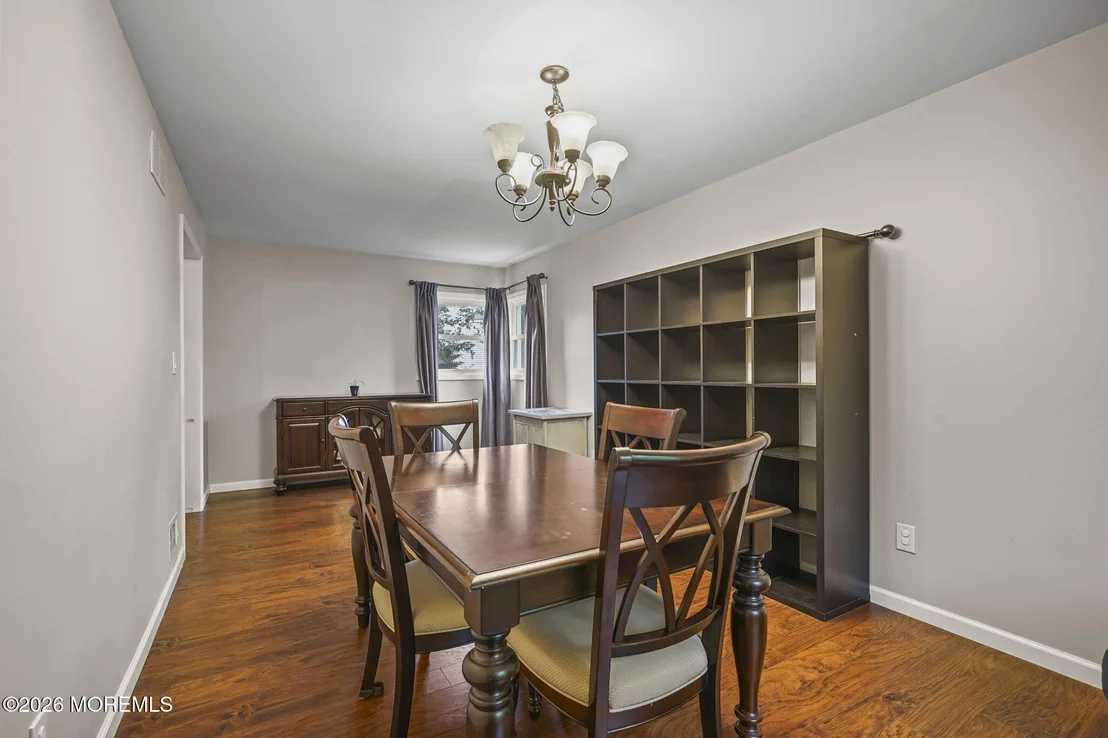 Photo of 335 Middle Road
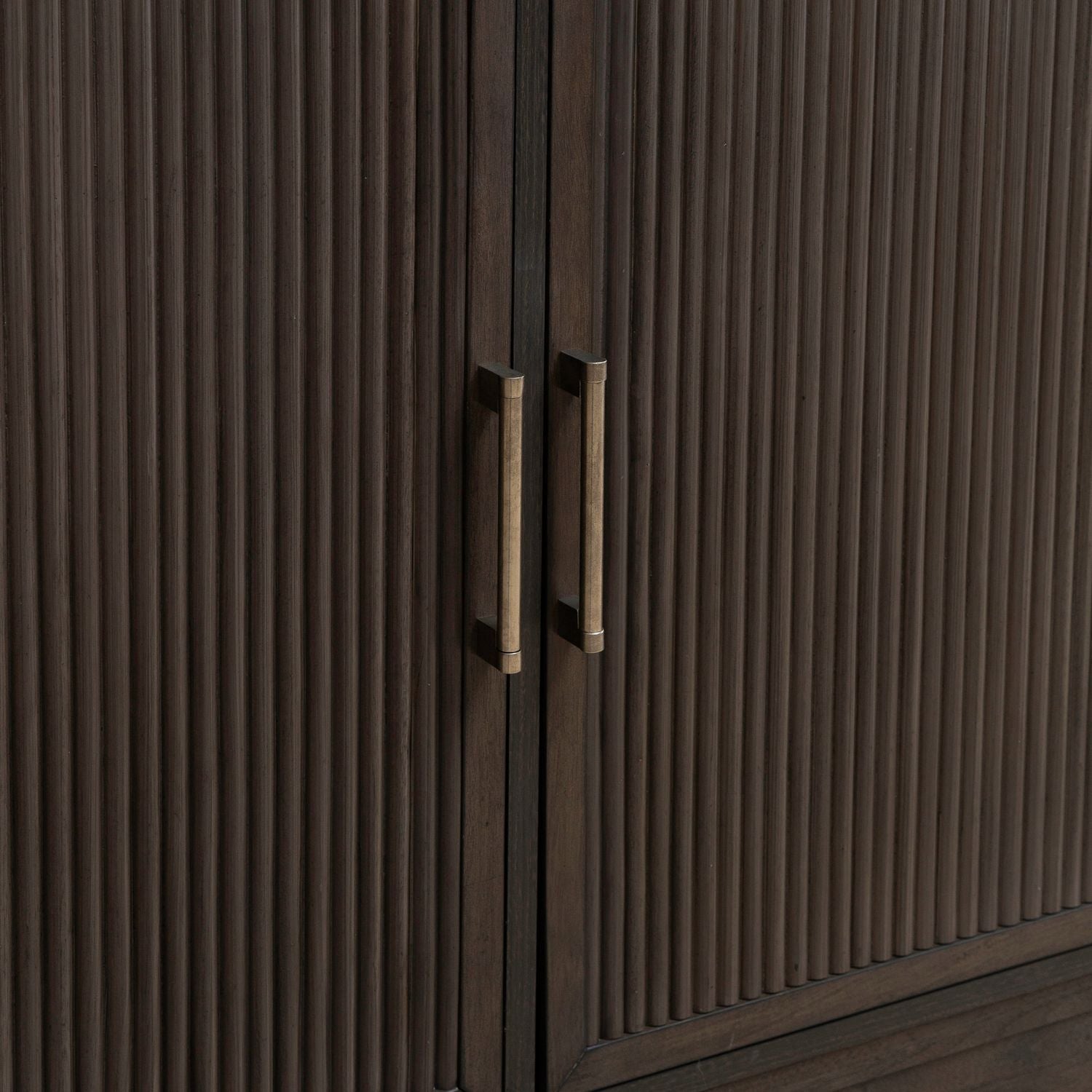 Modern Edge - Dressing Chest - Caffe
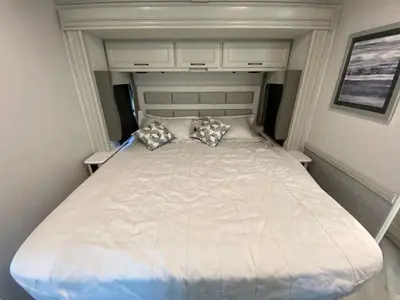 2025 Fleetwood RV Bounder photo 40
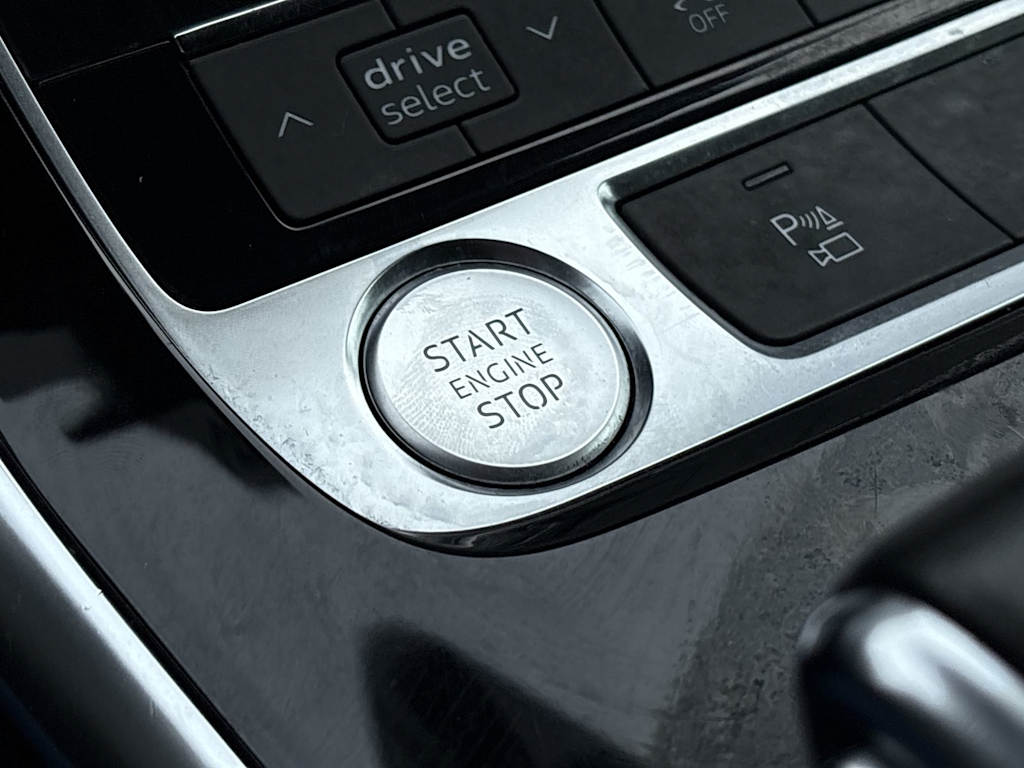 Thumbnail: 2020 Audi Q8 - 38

= = = = =

Exercise aim
Begin with the line that contains "2025 Fleetwood RV Bounder photo 40" and repeat every line through the end of the data, exactly and only those lines, leaving out the pictures.

Reply to the task
 2025 Fleetwood RV Bounder photo 40
 Thumbnail: 2020 Audi Q8 - 38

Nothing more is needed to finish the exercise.